Chief Financial Officer Standard Chartered Bank Indonesia, Anwar Harsono, yakin momentum pertumbuhan ekonomi domestik akan berlanjut tahun ini. Hal dinilai dapat menopang pertumbuhan DPK agar sejalan dengan pertumbuhan penyaluran kredit.
“Kami akan terus mengelola likuiditas dengan menjaga pendanaan secara optimal agar permodalan tetap kuat dan terjaga,” kata Anwar.
Kami akan terus mengelola likuiditas dengan menjaga pendanaan secara optimal agar permodalan tetap kuat dan terjaga.
Standard Chartered Bank Indonesia tetap mengandalkan dana murah (CASA) berupa tabungan dan giro untuk menghimpun DPK sepanjang tahun ini. Tahun lalu porsi dana murah sebesar 67,45 persen terhadap total dana DPK atau sekitar Rp 20,15 triliun.

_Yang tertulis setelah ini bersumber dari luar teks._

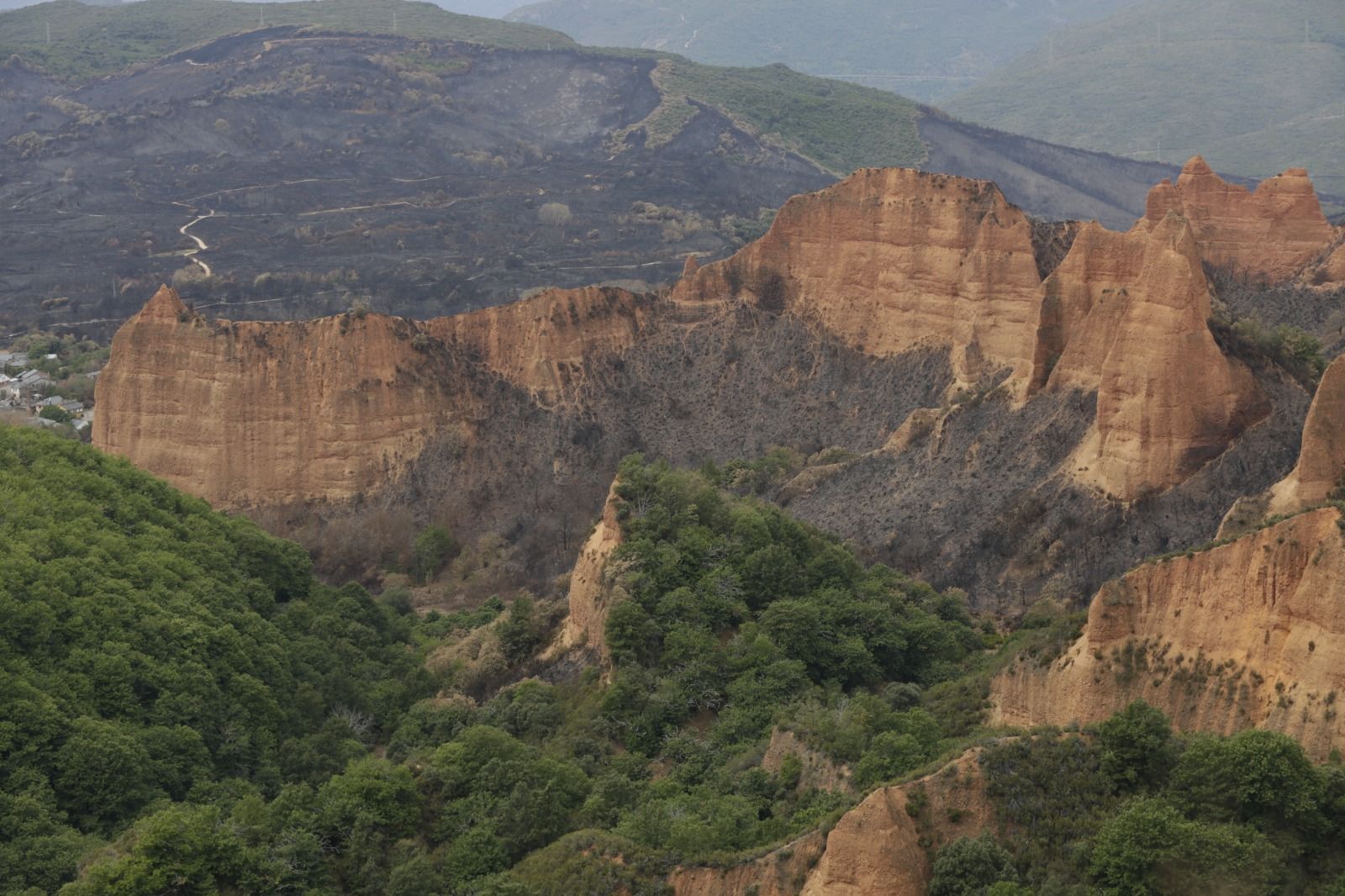 Vista de Las Médulas tras el incendio, desde el Mirador de Orellán, ahora arrasado. | FERNANDO OTERO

“Bila dibandingkan dengan tahun sebelumnya posisi CASA tahun 2018 turun 10 persen, tapi itu karena ada penarikan dana besar-besaran jelang tahun baru. Tahun ini kami tetap yakin pertumbuhan DPK akan mencapai dua digit,” kata Anwar.
Laba bersih
Laba bersih Standard Chartered Bank Indonesia sepanjang 2018 sebesar Rp 536 miliar, atau tumbuh 371 persen dari 2017. Rino menilai pertumbuhan laba itu menunjukkan restrukturisasi bisnis yang dilakukan sejak 2017 berhasil.

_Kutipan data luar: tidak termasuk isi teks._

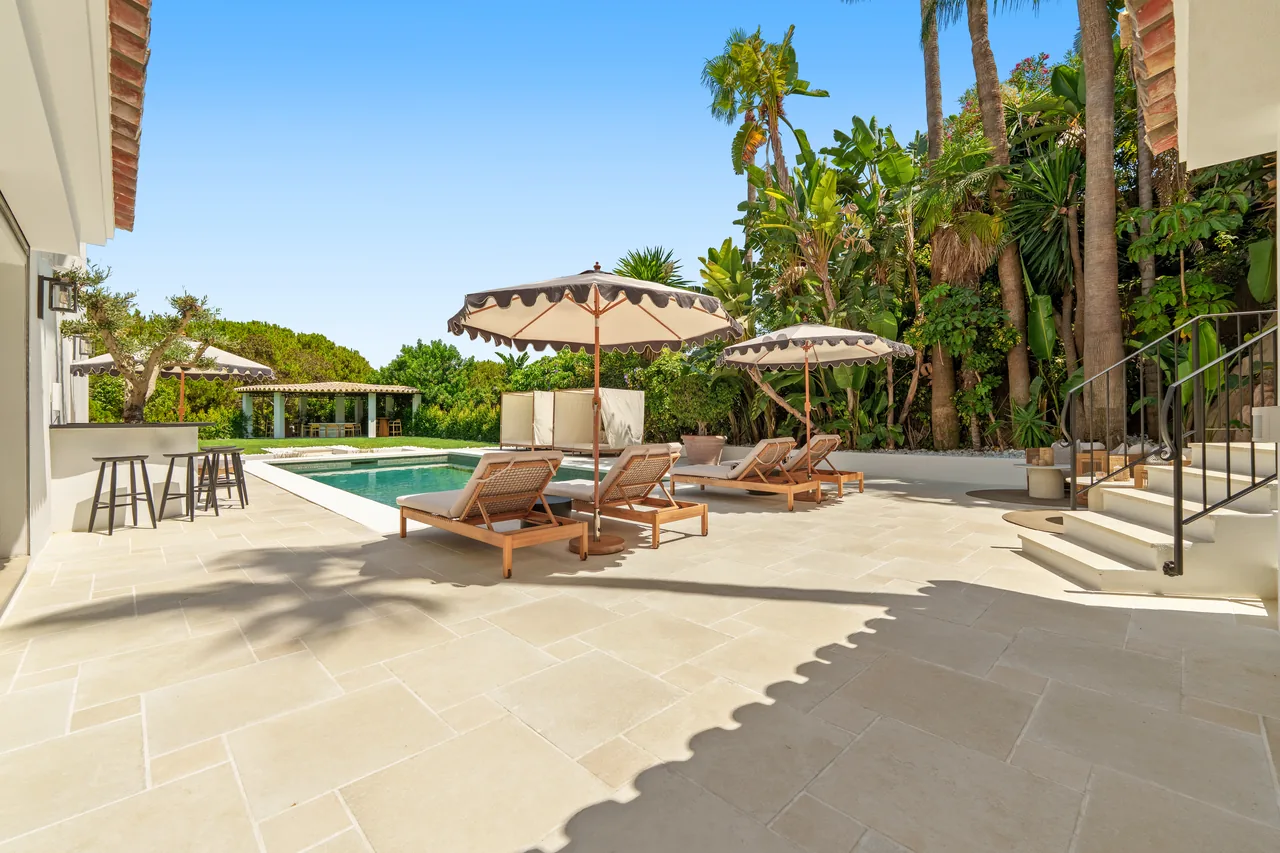 6-bedroom villa in Nueva Andalucia with private pool and private garden — image 7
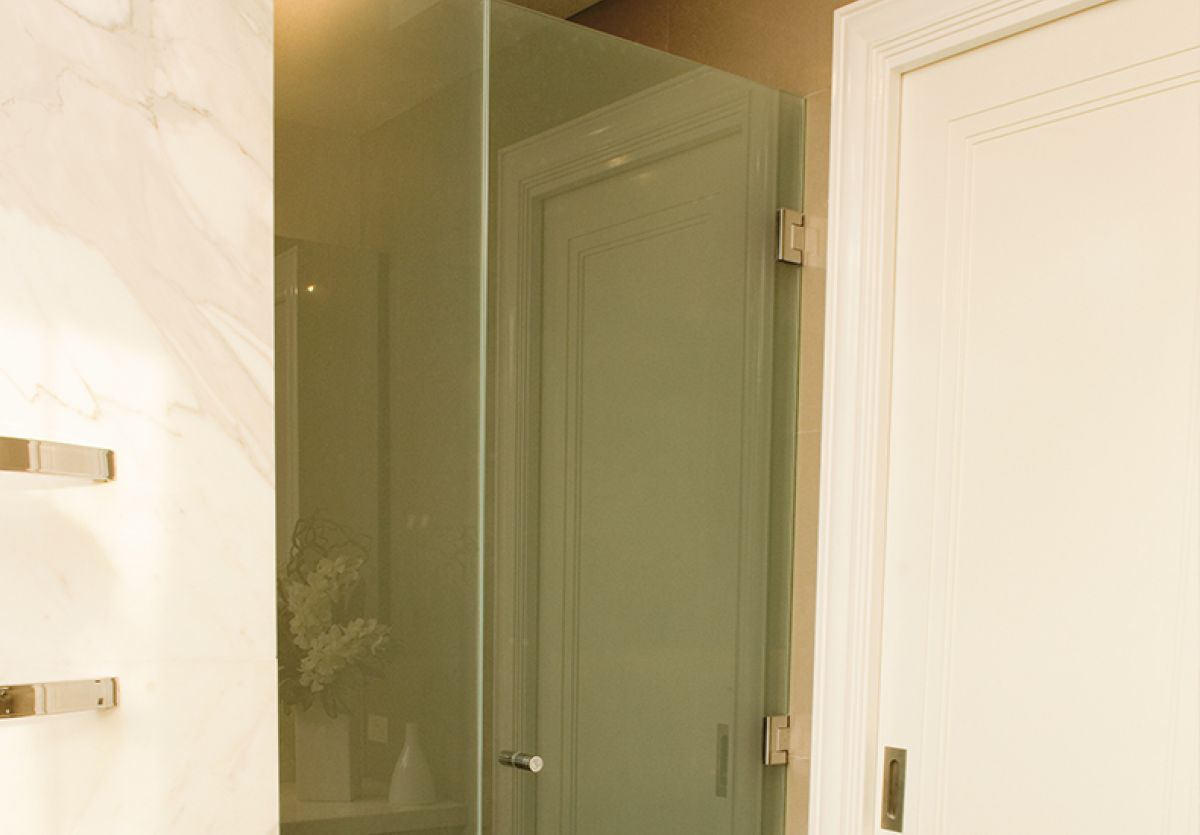 Frameless shower screen option - Madison 5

Pada pertengahan 2017, Standard Chartered Bank Indonesia mengubah segmentasi penyaluran kredit dari ritel konsumer ke korporasi. Restrukturisasi tersebut membuat pendapatan dari segmen korporasi meningkat 36 persen sepanjang tahun lalu.

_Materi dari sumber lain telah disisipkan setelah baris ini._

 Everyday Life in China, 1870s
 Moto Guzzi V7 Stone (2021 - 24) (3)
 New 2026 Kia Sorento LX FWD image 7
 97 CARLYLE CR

“Di segmen itu kami fokus memperdalam penetrasi korporasi-korporasi multinasional, meningkatkan partisipasi dalam mendukung proyek-proyek pemerintah termasuk infrastruktur, dan mengembangkan ekosistem perbankan,” kata Rino.
Kami fokus memperdalam penetrasi korporasi-korporasi multinasional, meningkatkan partisipasi dalam mendukung proyek-proyek pemerintah termasuk infrastruktur, dan mengembangkan ekosistem perbankan.
Selain itu, penurunan rasio kredit macet (NPL) dari tahun 2017 sebesar 3,9 persen menjadi 2,22 persen pada 2018 turut berdampak signifikan pada pertumbuhan laba bersih.
Anwar mengatakan penurunan NPL, turut membuat dana cadangan wajib perbankan untuk mengantisipasi kerugian (loan impairments) yang ditentukan regulator menurun 61 persen dari Rp 897 miliar pada 2017 menjadi hanya Rp 350 miliar pada 2018.